Judge Steven Rhodes, who is presiding over Detroit’s efforts to emerge from bankruptcy, agreed last week to a restructuring plan submitted by the city. The plan still requires a vote by pension groups, labor organizations, and bond insurers, and state lawmakers would have to approve a $350 million cash injection from the state. But it has appeared that most groups are onboard with the plan.
A potential snag, however, appeared Thursday. In a three-hour hearing, attorneys representing two bondholders – creditors for the city that do not fare as well in the plan as some other groups – took aim at the arrangement that has been struck for the city’s art collection at the Detroit Institute of Arts (DIA). That collection is central how the plan is carried out.
The plan values the collection at $816 million, but the bondholders argue it should be worth more. A higher value for the collection could enable the city to fulfill more obligations.
At the hearing, the bondholders called for an independent appraisal and asked Judge Rhodes to give approval for some of the art to be physically removed for inspection by interested buyers.
Rhodes ruled against removing the art, some of which had the potential to be damaged.
“The risk to the art that could come from granting this relief ... is a substantial risk and one not to be undertaken lightly,” he said.

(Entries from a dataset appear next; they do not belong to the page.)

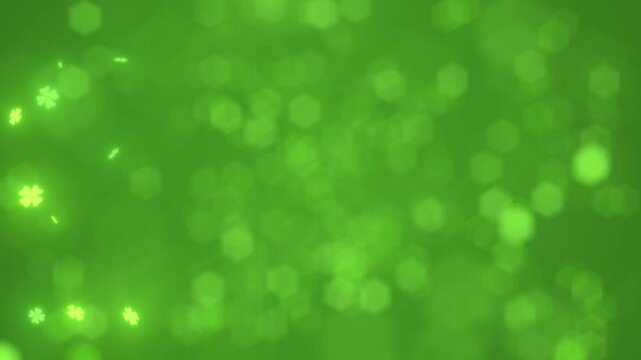 Defocused Bokeh green background, glitter float ,St. Patrick's Day, shamrocks clover, green Four-leafed. Irish holiday party celebration, 4 leaves, good luck, march 17th, 4k Half side free copy space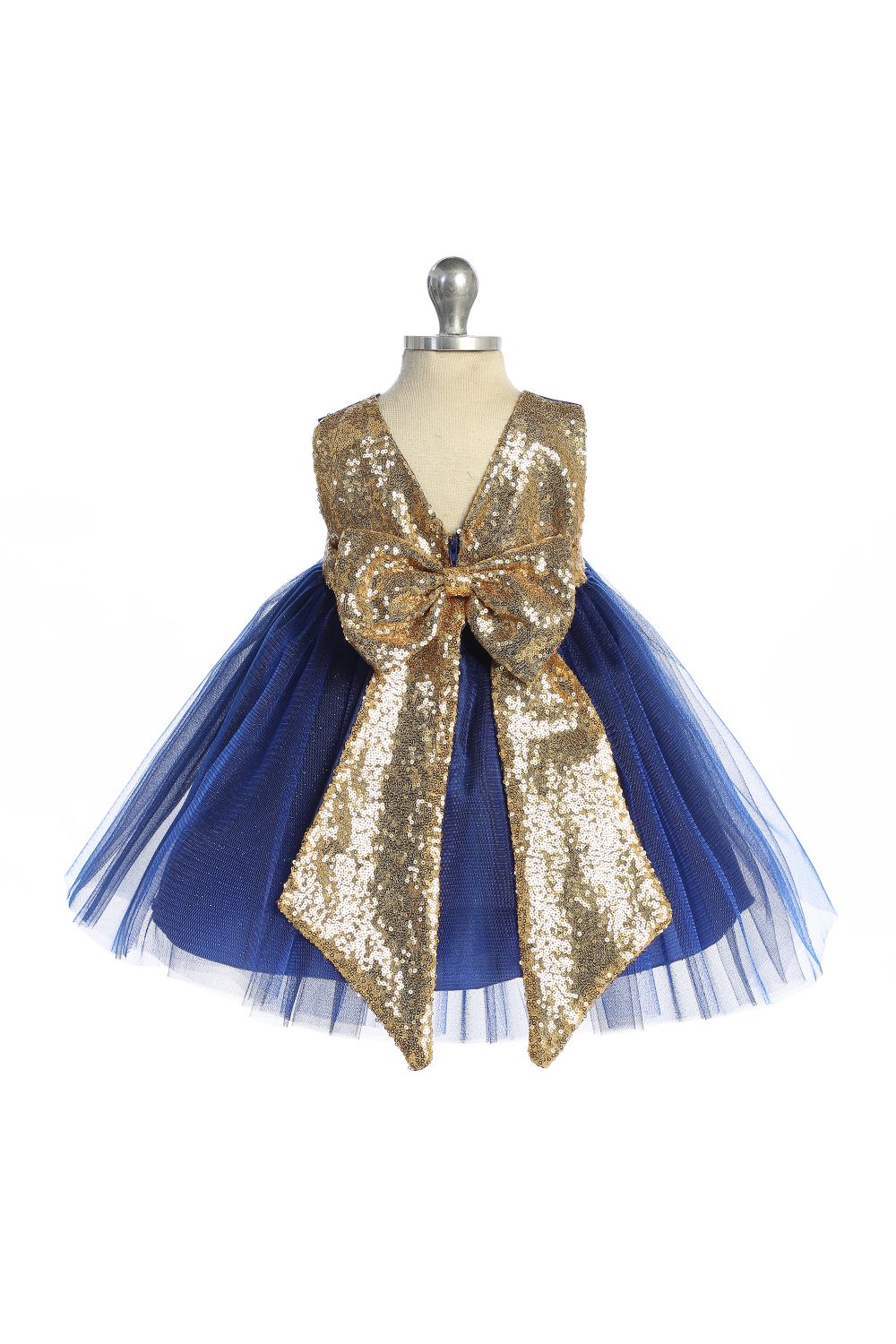 Gold Sequins V Back & Bow Baby Dress S-6M / Royal Blue Gold Sequins V Back & Bow Baby Dress S-6M / Royal Blue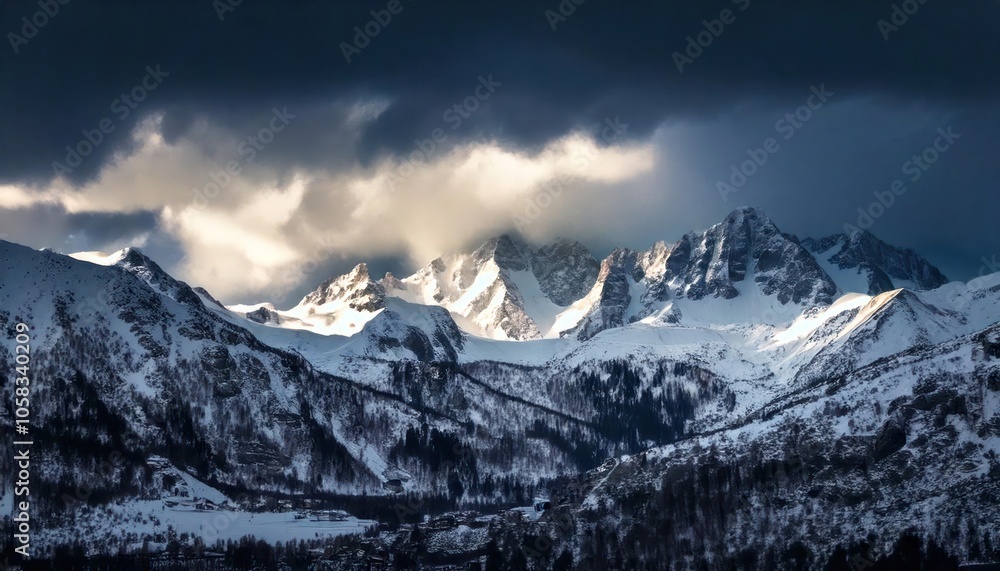 Obraz premium Dramatic snow-capped peaks with storm clouds gathering above, creating a powerful winter 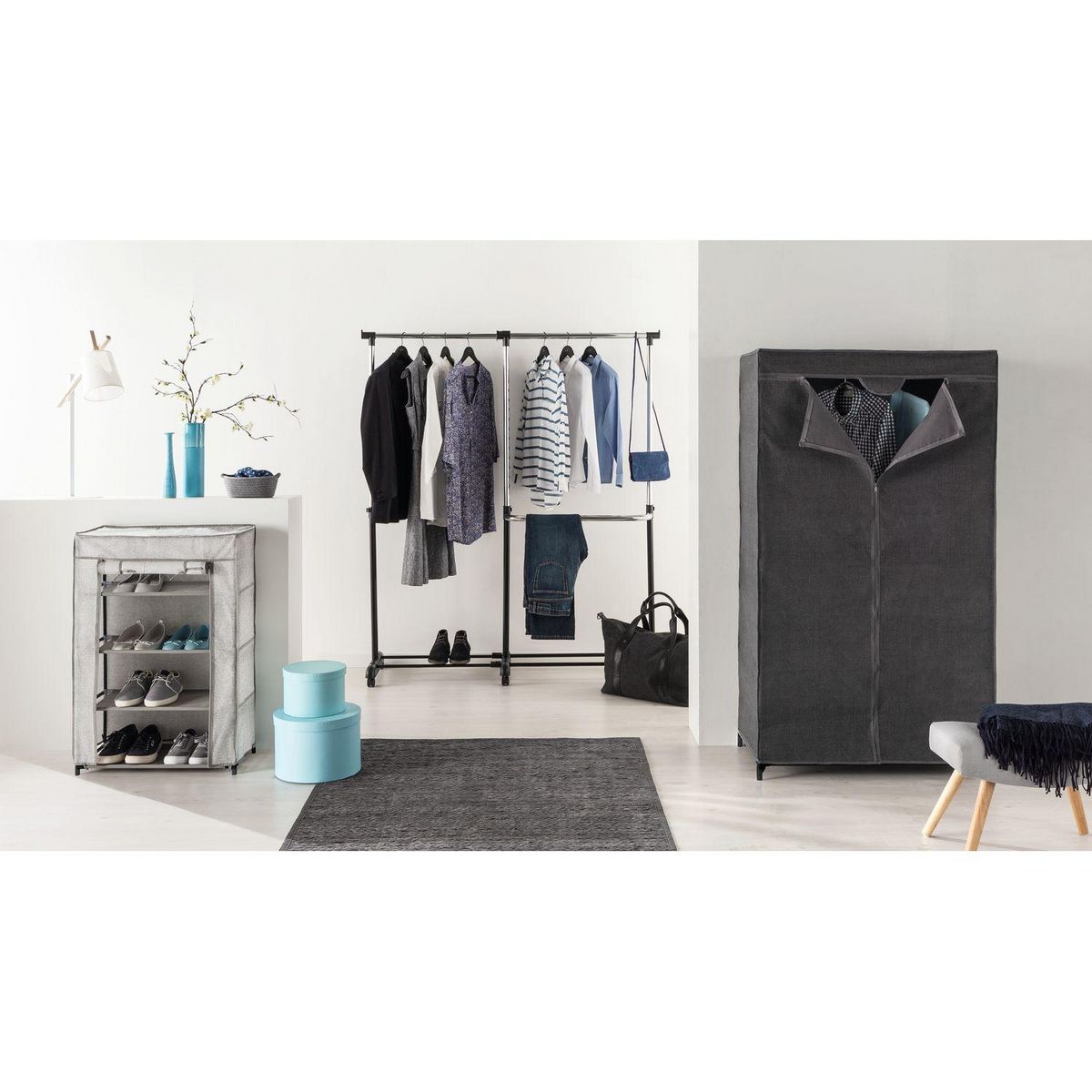 FIVE Armoire à chaussures en tissu capacité 12 paires - Gris foncé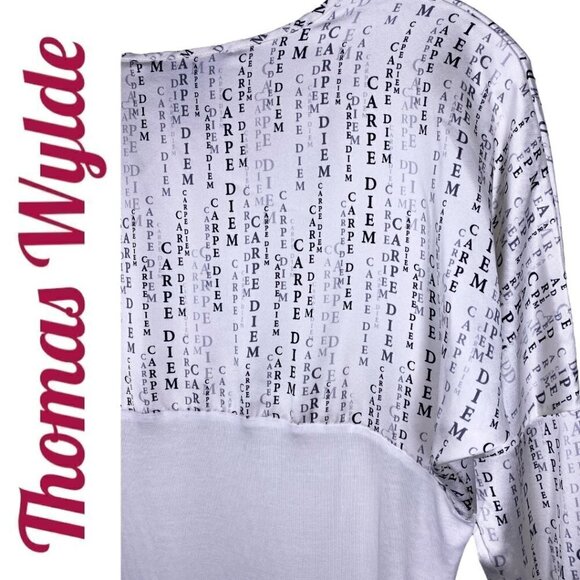 THOMAS WYLDE Carpe Diem Graphic Bateau Neckline Long Sleeve White Mini Dress, S - Picture 8 of 15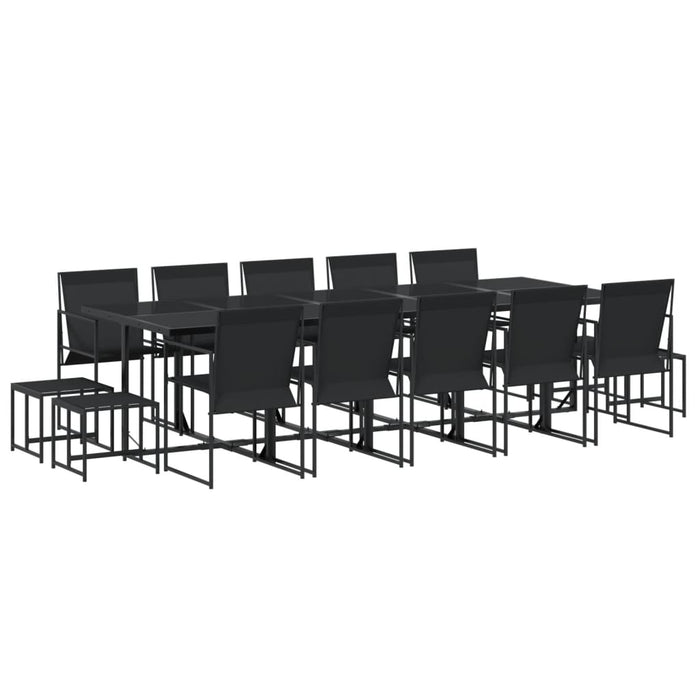 Set mobilier de grădină, 15 piese, negru, textilenă - WALTI WALTI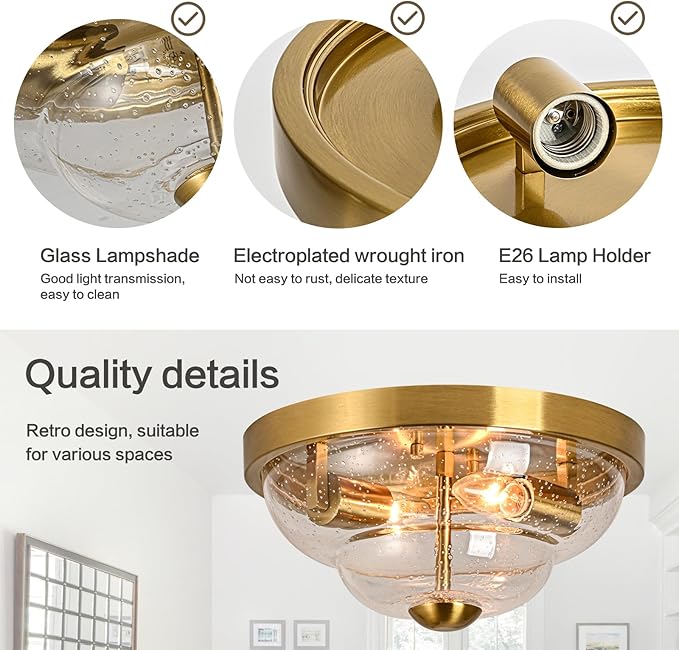 Flush Mount Ceiling Light Fixtures, 2-Light Ceiling Mount for Farmhouse with Seeded Glass Lampshade, Industrial Flush Mount Light Fixture Farmhouse for Hallway, Kitchen, Entryway,Bedroom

Creditors, the judge said, could view the collection by paying a ticket to the museum, and it would be up to the DIA to allow viewing of artwork that remains in storage.
The plan proposes spinning the collection into an independent trust, and the trust would be required to keep the art in the city. This would happen by combining the $350 million from the state and $466 million pledged by 12 philanthropic foundations. In a “grand bargain,” that money would then be used to bring down the pension costs of at least 32,000 city employees and to pay down other obligations.
Creditors believe the artwork is worth more because they received hypothetical investor bids from earlier this year that were much higher than the appraisal in the plan. Outside bids ranged from $895 million for just 116 pieces of art to a $2 billion loan using the entire collection as collateral, one of the bondholders, Financial Guaranty Insurance Co., said in court papers.
There are 1,741 pieces of art currently hanging in the museum. The total collection numbers more than 66,000 pieces. Attorneys for the museum had argued that, because of the size and fragile nature of some works, any removal of them would require heavy machinery, putting them at risk.
The two bondholders represented in court Thursday were Financial Guaranty Insurance Co. and Syncora Guarantee Inc. They face losses of up to $1.1 billion in the restructuring plan, according to court filings.
Under the plan, general bondholders could see the value of their bonds diminished by about one-quarter. For other bondholders, the cuts are even more severe. They see pension and labor organizations as getting a better deal. Retired police and firefighters, for example, face no cuts to their pensions, although their cost-of-living expenses will not be increased at the same levels as before.
Also as part of the “grand bargain,” the DIA pledged to raise at least $100 million. The museum has asked Detroit’s “Big Three” automakers – Ford, General Motors, and Chrysler – to contribute more than $50 million total, the Detroit Free Press reported this week. If the automakers agree, the DIA is expected to turn to automotive suppliers in the Detroit area for similar pledges of support.
A deal may come as early next week, the Free Press reports, and the automakers could make such an announcement together. All three automakers released statements this week saying they are reviewing the request.
“The DIA must be central to any plans for a revitalized Detroit. Both GM and the GM Foundation are giving very careful consideration to how we can help preserve this treasure at such a critical time,” GM said in a statement.